Opinión

Políticas de carne y hueso

Por Mabel Lemoniel 

Angelica tenía 82 años. La conocí en Santiago, julio del 2013, en el lanzamiento del programa Mira y Sonríe, Quisqueya Aprende Contigo, que buscaba atender necesidades dentales y visuales de adultos mayores que aprendían a leer y escribir.

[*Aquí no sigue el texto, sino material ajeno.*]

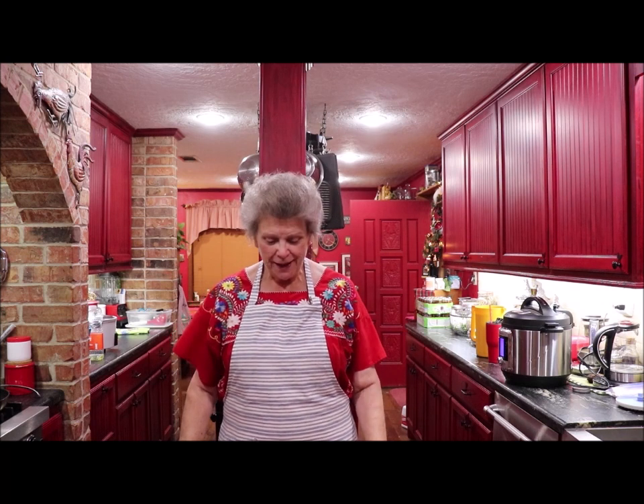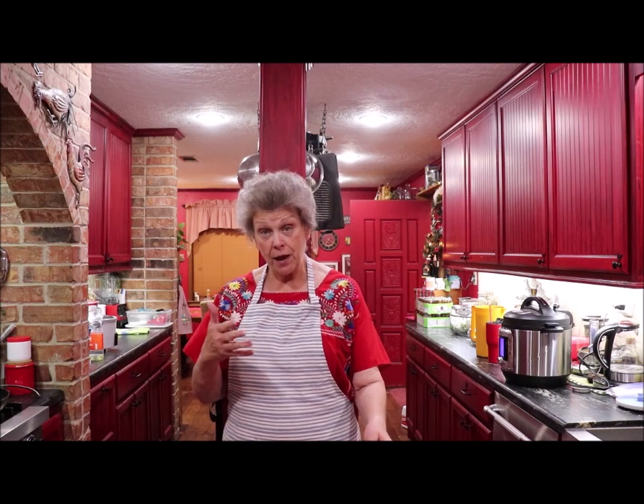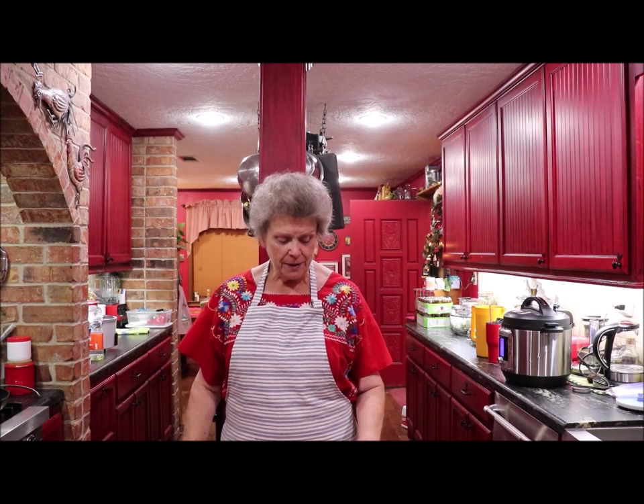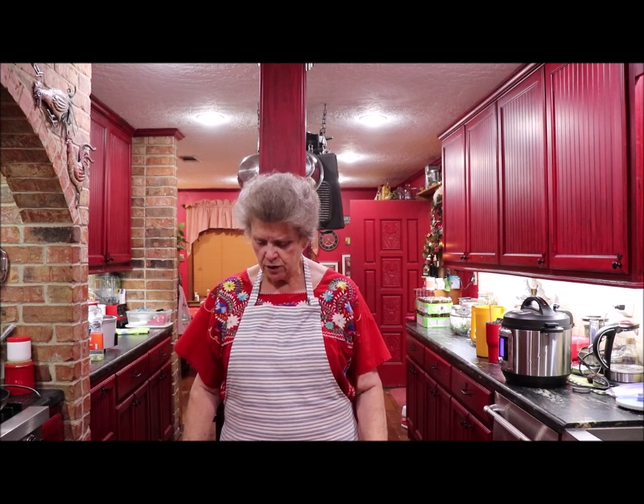Hey y'all, here's Miss Apron Strings back again in the kitchen having a good time. I'm going to make some okra fritters and it's going to go with our meal that I told you about when I did the beef tips and rice. They're kind of like fried okra but they're different.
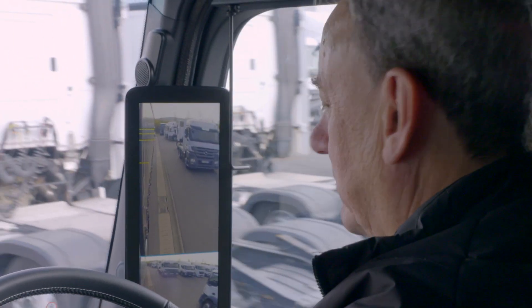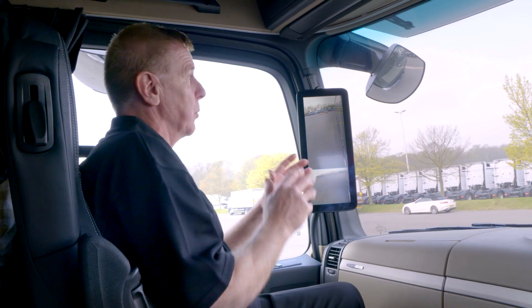Here we are out on the road with MirroCam. We've got Chris, the senior truck trainer for Mercedes-Benz, and we're just going to demonstrate how MirroCam actually works.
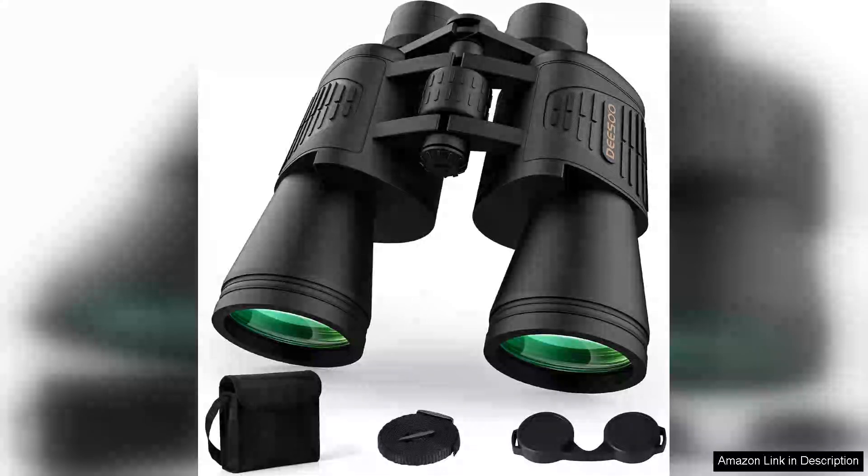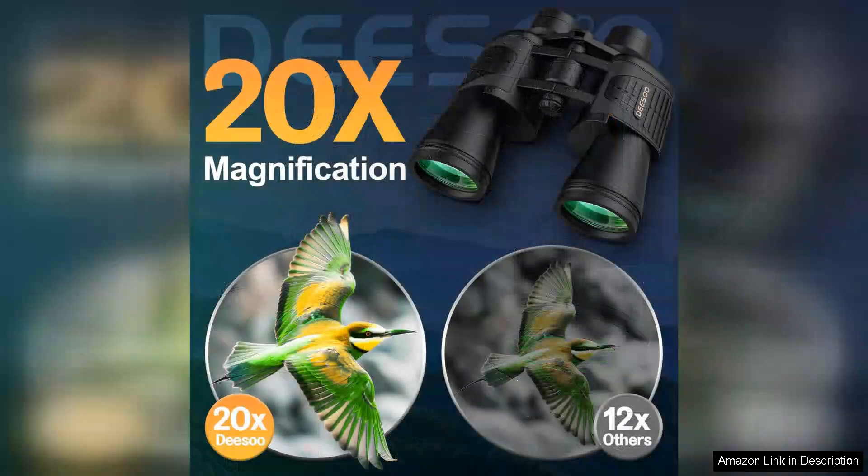I recently had the pleasure of using the high power binoculars for adults — the 20x52 HD large view binoculars — and I must say they exceeded my expectations in several areas. The 20x magnification coupled with a 52mm objective lens provides a remarkable viewing experience. Whether I was bird watching in the park or taking in scenic views from a distance, the clarity and brightness of the images were impressive.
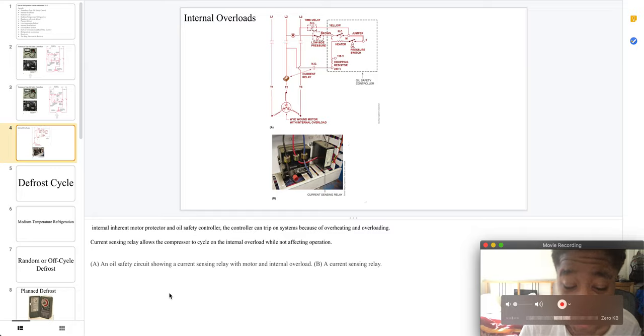A is your safety circuit, which shows a sensing relay with a motor and internal overload, and B is a current sensing relay.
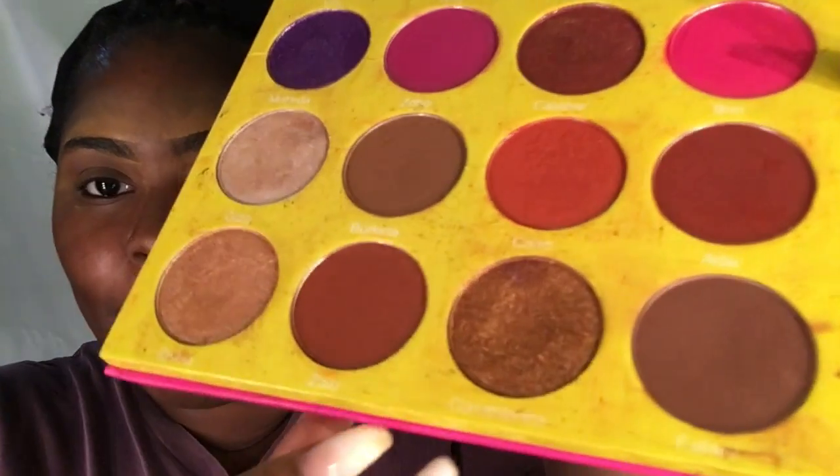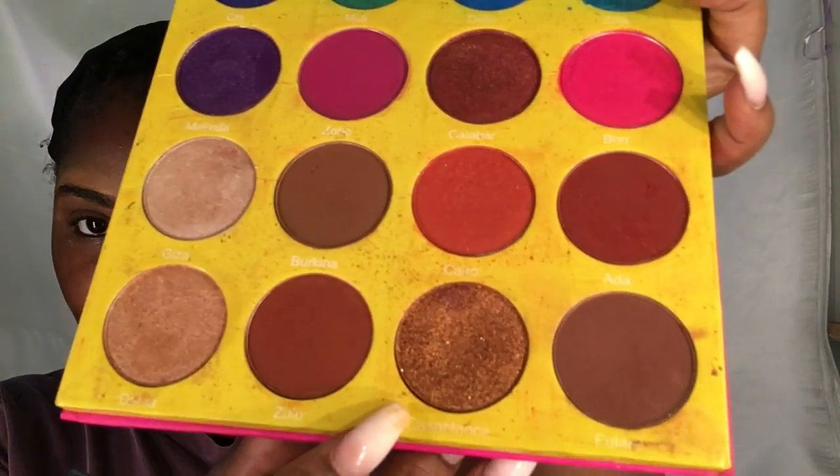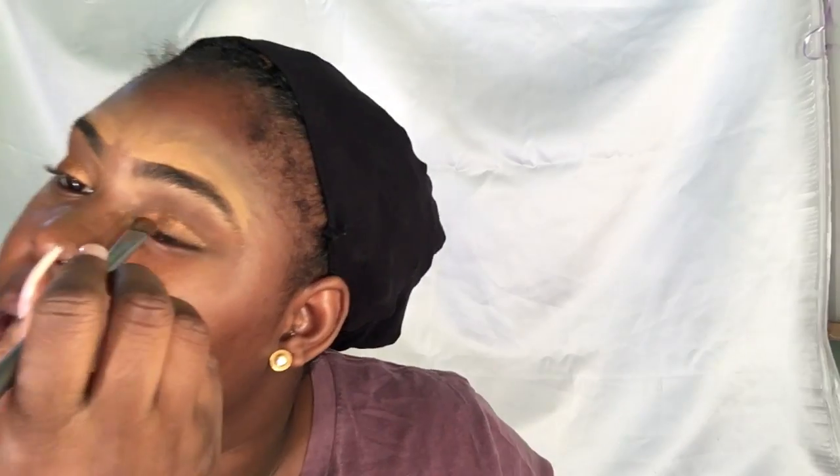Now I'm going to be using my Masquerade palette from Juvia's Place, and I'm going to be using the color Casablanca on my eyelid. But I'm going to continue on blending all the way in to get that glamorous look that I want.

Quería aprender a leer su biblia y, en el acto, compartió la ilusión y el orgullo que sentía al poder leer salmos, escribir su nombre.

Altagracia sabía que sus hijos se alimentarían con una comida baja en sal y con vegetales, en una escuela nueva, grande y digna, cerca de su casa. Pastora, una pequeña comerciante del buen sazón, llegó a suplir dos mil raciones de alimentos, en cuatro escuelas, generando nuevos empleos.

Aquí su historia. Zeneido dejó de deforestar para convertirse en sembrador de más de 4 mil plantas y cuidador del agua. Vive en Elías Piña.

Rafael ahorró tiempo y dinero con la Farmacia del Pueblo de La Gina. Ya no tenía que ir a Miches a buscar pastillas para el dolor.

En el CAID, empezó a recibir cuidados integrales para su condición. Ahí, Gala era feliz. 

José y Dolores lograron crecer y vender sus dulces donde los grandes vendían, gracias a la democratización del crédito y Banca Solidaria.

Estas y otras acciones, fueron creadas como resultado de escuchar a la gente y sus necesidades, de conocerlos y sentir respeto y cariño por ellos.

Son más que nombres o estadísticas. Son beneficiarios reales de políticas de carne y hueso que deben protegerse y ampliarse. Sobre todo ahora, cuando se avecinan momentos difíciles.